§ Required action
Take the data below and extract the lines from the one with "Rumah Dijual di" to the one with "Porsche Case", inclusive, exactly as written.

** Opening Exercise materials block **

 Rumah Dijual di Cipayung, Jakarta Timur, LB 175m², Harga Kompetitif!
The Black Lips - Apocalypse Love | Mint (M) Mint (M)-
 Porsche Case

** Closing Exercise materials block **
** Opening Exercise materials block **

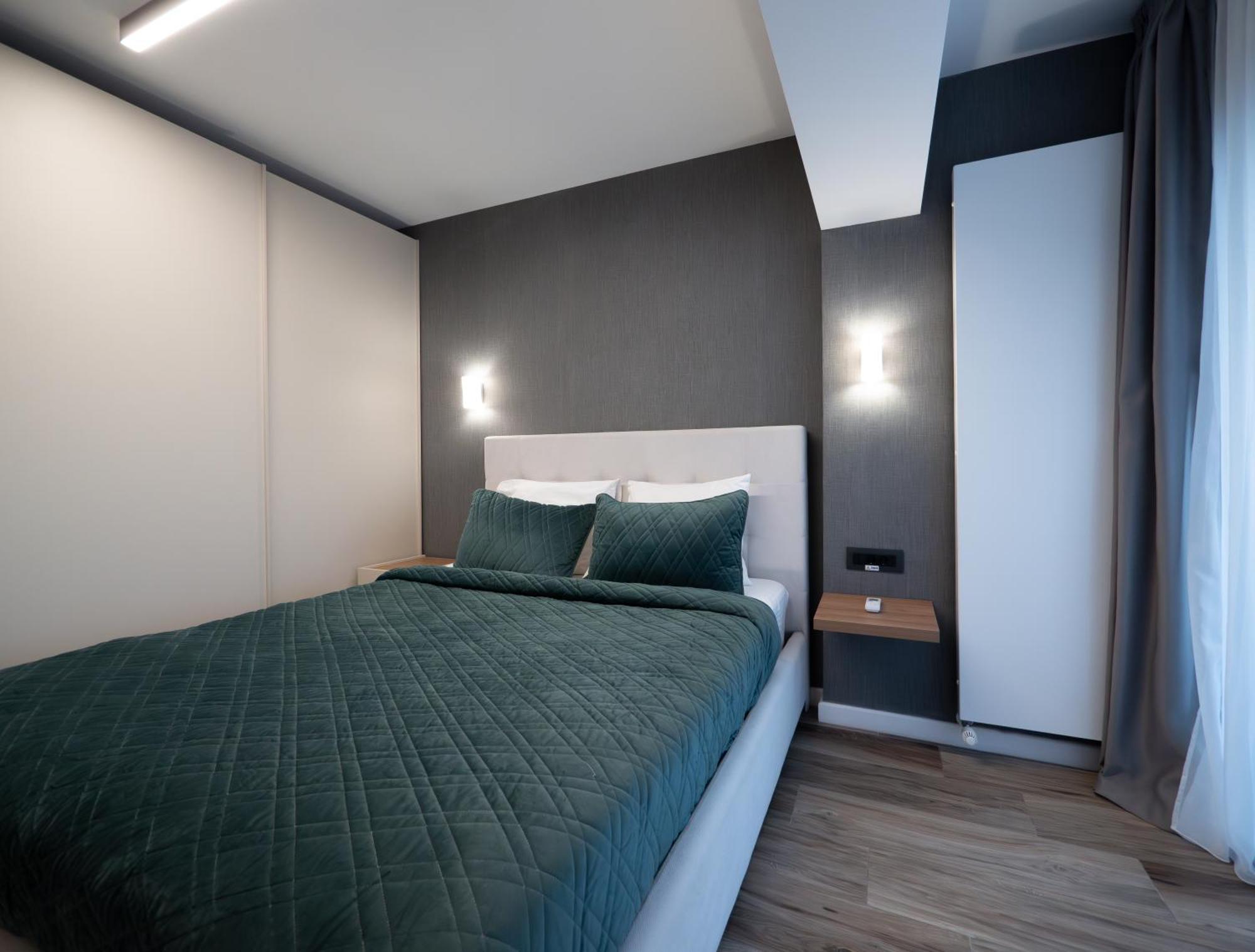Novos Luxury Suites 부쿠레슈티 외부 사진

** Closing Exercise materials block **
** Opening Exercise materials block **

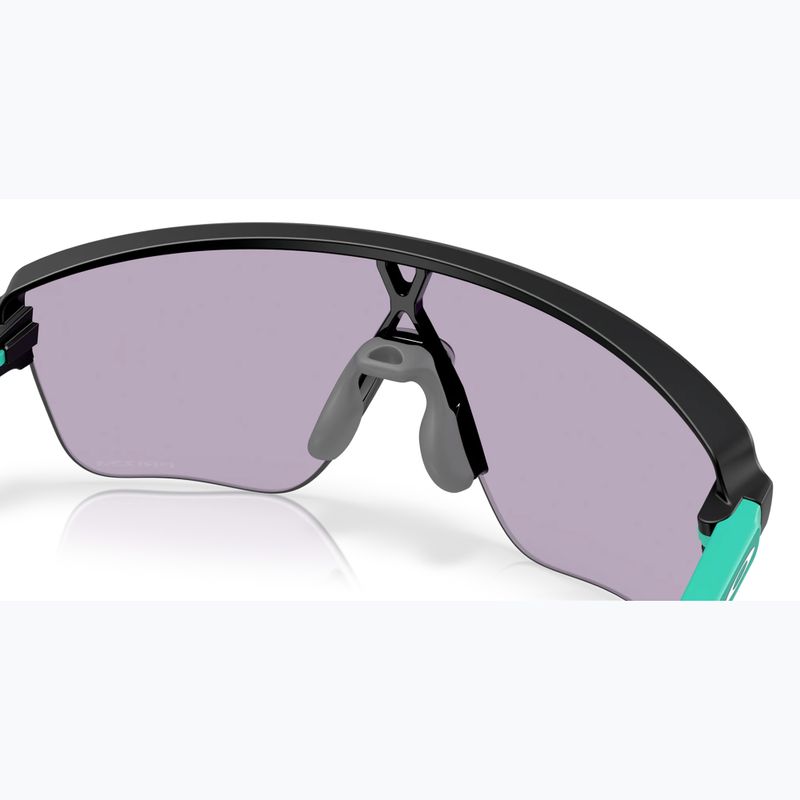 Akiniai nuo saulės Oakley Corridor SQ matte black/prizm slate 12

** Closing Exercise materials block **

§ Your solution
 Rumah Dijual di Cipayung, Jakarta Timur, LB 175m², Harga Kompetitif!
The Black Lips - Apocalypse Love | Mint (M) Mint (M)-
 Porsche Case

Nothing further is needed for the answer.